White Paper. This not a sound basis for protecting people and
the environment from the negative impacts of air transport.
We believe that air transport growth should
be constrained within acceptable environmental limits and we attempted
to set out what these might be and how they might be achieved
in our submission to the Department for Transport during the consultation
process. We do not believe that the growing environmental impacts
outlined within the White Paper, which arise from meeting anticipated
demand, can ever be justified against other social, economic and
environmental factors. We are profoundly concerned that the Government
seeks to do this.
If the air transport growth rate to 2030 was
reduced by implementing in full the range of methods we put forward
to control and reduce the sector's environmental impacts, including
demand management through taxation in one form or another, then
the increased tax take to the Treasury would create significant
employment elsewhere in the economy. Any disposable income not
spent on air travel would be re-allocated and spent throughout
the economy, also sustaining and creating jobs.
Halving the forecast growth rate would also,
in our view, increase the profitability of airlines, a key area
in which they need plenty of help.
We are very concerned that the Department is
dismissive of the views of the Royal Commission on Environmental
Pollution and the Sustainable Development Commission, amongst
others. We fully support the views and conclusions that both these
groups have reached in their submissions to the policy development
process and would ask for more serious reflection and consideration
to be given by the Department to both these bodies, as befits
their independent expert advisory status to Government.

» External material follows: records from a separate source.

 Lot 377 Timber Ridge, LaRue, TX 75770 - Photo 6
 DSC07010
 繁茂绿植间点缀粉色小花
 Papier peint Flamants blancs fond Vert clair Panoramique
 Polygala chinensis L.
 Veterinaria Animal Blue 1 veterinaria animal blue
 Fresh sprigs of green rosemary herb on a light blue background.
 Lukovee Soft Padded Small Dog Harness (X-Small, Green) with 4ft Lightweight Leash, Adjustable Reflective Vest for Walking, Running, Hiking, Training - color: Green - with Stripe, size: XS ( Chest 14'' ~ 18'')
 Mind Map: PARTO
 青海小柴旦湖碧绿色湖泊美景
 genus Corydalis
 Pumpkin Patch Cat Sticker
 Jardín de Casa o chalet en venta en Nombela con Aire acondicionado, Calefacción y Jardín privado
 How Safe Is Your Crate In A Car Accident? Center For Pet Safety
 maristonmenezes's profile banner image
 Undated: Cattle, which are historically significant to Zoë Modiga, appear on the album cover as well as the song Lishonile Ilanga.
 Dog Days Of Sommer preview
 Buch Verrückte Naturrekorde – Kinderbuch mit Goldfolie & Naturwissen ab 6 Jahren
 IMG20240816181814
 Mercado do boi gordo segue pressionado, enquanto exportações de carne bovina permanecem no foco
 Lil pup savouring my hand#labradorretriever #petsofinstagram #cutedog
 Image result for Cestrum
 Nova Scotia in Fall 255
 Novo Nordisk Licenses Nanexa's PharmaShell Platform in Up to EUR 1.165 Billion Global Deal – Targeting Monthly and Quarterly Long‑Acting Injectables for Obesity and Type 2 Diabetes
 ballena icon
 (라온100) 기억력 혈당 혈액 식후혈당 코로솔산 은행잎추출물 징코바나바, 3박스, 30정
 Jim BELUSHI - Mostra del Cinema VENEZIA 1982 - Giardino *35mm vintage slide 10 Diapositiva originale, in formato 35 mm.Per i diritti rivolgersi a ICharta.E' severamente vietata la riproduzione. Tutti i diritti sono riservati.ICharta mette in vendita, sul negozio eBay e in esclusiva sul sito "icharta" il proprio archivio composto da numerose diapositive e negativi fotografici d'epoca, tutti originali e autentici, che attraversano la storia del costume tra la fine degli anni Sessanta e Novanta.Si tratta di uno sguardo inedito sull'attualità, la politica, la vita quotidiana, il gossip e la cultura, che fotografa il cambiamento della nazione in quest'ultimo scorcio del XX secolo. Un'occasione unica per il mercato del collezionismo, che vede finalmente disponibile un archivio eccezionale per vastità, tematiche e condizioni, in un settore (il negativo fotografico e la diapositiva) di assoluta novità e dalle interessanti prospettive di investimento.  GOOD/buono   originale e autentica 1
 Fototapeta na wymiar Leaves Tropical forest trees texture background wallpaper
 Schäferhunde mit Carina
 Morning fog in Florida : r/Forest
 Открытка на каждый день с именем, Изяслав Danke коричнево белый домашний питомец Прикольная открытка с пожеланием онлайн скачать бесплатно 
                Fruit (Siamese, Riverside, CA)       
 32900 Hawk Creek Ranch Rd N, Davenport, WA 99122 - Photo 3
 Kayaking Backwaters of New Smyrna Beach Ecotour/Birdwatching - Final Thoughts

Despite the issues being raised and commented
upon in Chapter 3 of the White Paper, there is a worrying lack
of any international context or relative performance overview
as to whether other sectors would be able to deliver savings that
might be allocated/purchased by the air transport industry and
how this fits into our Kyoto commitments, let alone the further
RCEP and Government identified 60% cuts necessary as we move towards
a future low carbon economy. We would ask for the Committee to
urge both the Department for Transport, working with DEFRA, to
urgently produce such a contextual study by the Summer 2004.